September 1, 2002 (Sun)

permanent linkWent to see One-Hour Photo. Dopey audience, as ever. Apparently many of them knew nothing about the film except that Robin Williams was in it, and Robin Williams == funny, right?

Not so much.

I thought the film was pretty good. Williams was excellent. He was creepy and sad. The very last two scenes (examining his photographs and the very last photograph) were clever, although Sy's speech allowed me to predict the content of the photos. As for the last, well, fantasy or reality? Who can say...?

The cinematography was excellent—various scenes reminded me of scenes in Manhunter and The Boston Strangler. Wall^H^H^H^HSavMart was depicted chillingly well. Some of the shots were beautiful—especially those resembling carefully framed photographs.

Not quite as good as Fraility, but trying hard.

September 2, 2002 (Mon)

permanent linkLabor Day, and I'm not at work, but I'm working, along with a lot of other people at Mudd, I suspect.

I'm excused from the convocation, where M is right now, but I still have to get the account-request form sorted out. Shouldn't be too difficult, I hope, since I gave up on getting the web form working for this semester and decided to just go with paper.

I did get the computing support site up and running, which is cool for a couple of reasons.

  1. I finally figured out how to indicate when a reader is within a subsection on the navigation bar while keeping it as a link—which was easy, only took a couple of lines of code and a few minutes tinkering
  2. I got my publish script sorted out so I could update this site—I had stuff I'd written that never made it to the site because the behavior of wget, which I use to extract the site into a flat-file format, changed

permanent linkAnother cool thing I wanted to write about earlier but didn't: After various positive comments about TechTV's Big Thinkers program, and generally positive feelings about TechTV from their airings of Max Headroom and Thunderbirds, we gave it a try.

The show is generally good, but I was struck by how much it reminded me of Errol Morris's First Person, which we watch on IFC. In particular, the shows tend to have a bunch of weirdly apropos black & white footage from 1940s and 1950s documentaries.

It turns out that the archive footage comes from The Internet Archive, home of the WayBack Machine that archives the web. They've done a deal with Rick Prelinger, who's been collecting these ephemeral films for years, and who had released some of them on CD-ROMs titled “Our Secret Century”. I couldn't afford them when they were available, and now they're out of print.

But now many of them are available for download and viewing from The Internet Moving Images Archive. Scary fun....

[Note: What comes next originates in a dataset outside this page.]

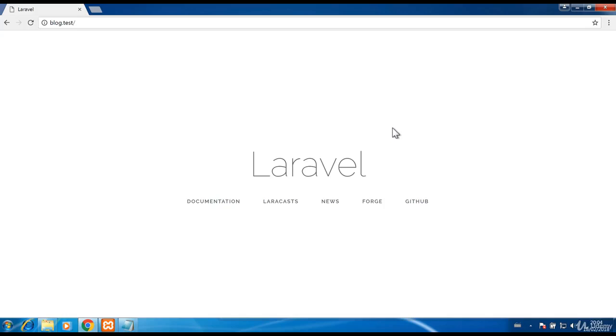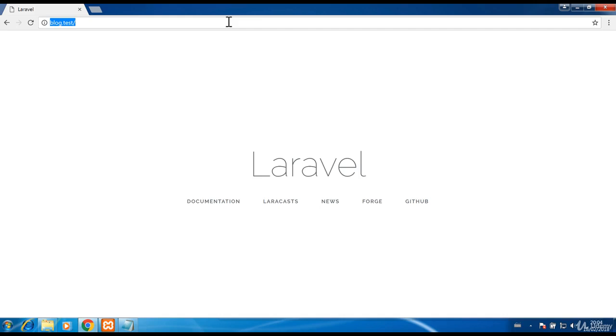To make your development easier and make things prettier, you can set up a virtual host so you can, for example, access blog.test in your browser instead of using localhost slash something. In order to do that,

permanent linkSomewhat related, I was always a bit confused about why Douglas Coupland, who's a few years older than I am and grew up in Vancouver, BC, is so obsessed and was so traumatized by the prospect of nuclear war.

As a longtime pessimist, I've been aware of the threat hanging over all our heads for many years. But I never really worried about it—after all, what's the point? When it happens, it happens, and chances are pretty good you'll be vaporized or die not long after an attack, anyway. Since you, as an ordinary citizen, can't really affect whether or not such an attack occurs, why ruin your life worrying about it?

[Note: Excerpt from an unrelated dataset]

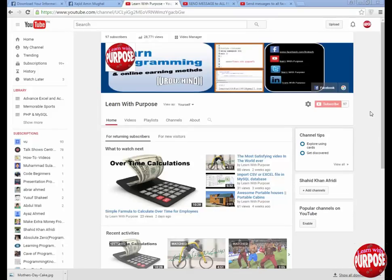Assalamualaikum friends, this is Sajid Mogul from Learn With Purpose. In this tutorial, I'm going to show you how you can send a message to all your Facebook friends at one time.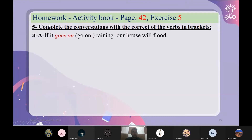Okay, students, let's do our homework and continue doing our homework. We reached exercise number five — activity book page forty-two, exercise five. Complete the conversations with the correct verbs in brackets.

(Besides, it's more likely that we'll all die from some new influenza variant carried around the world by international air travellers, and that hasn't happened yet.)

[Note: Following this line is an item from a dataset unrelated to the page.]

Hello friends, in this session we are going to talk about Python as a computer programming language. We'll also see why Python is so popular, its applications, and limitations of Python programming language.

Anyway, while I was tracking down Robert Bringhurst's books on Haida mythology, I happened across an announcement of Coupland's latest book, Souvenir of Canada, which sounded like a pan-Canadian version of his Vancouver-oriented City of Glass. So when I found that the UBC Bookstore not only had A Story as Sharp as a Knife but Souvenir of Canada on sale, I ordered them both.

It turned out to be pretty much what I expected. It's way fun, and made me feel really homesick for Canada, where I lived for four years and left only a bit over a year ago. The immigration stuff was a pain in the ass, but the country was great, and Vancouver, especiall, was beautiful, fun, and sophisticated in a way that southern California has yet to even approach, let alone beat. Not only that, but the copy I got was signed, which is a really nice extra.

Oh, yeah, my point... So, Coupland, growing up in Vancouver, is obsessed with atomic war, and so are many of his characters. It turns out that when he was in school, they were drenched in information about NATO, the DEWline, and Canada's precarious place on the ICBMs' path between Russia and the U.S. They were told of the need for constant vigilance, and that the war could start at any moment. They hung on the news about U.S.-Soviet relations. He built model ICBMs and ABMs.

Now I get it....

September 8, 2002 (Sun)

permanent linkWow, are Americans lame. Finally got around to listening to the Weekend Edition Sunday interview with Stephen Fry, about his book The Stars' Tennis Balls, which M received for Christmas last year, and which has just been published in the States with the mundane title, Revenge. [The original title is taken from the play The Duchess of Malfi.]

Still—Stephen Fry is always worth listening to. However, be warned—the interview contains some significant spoilers.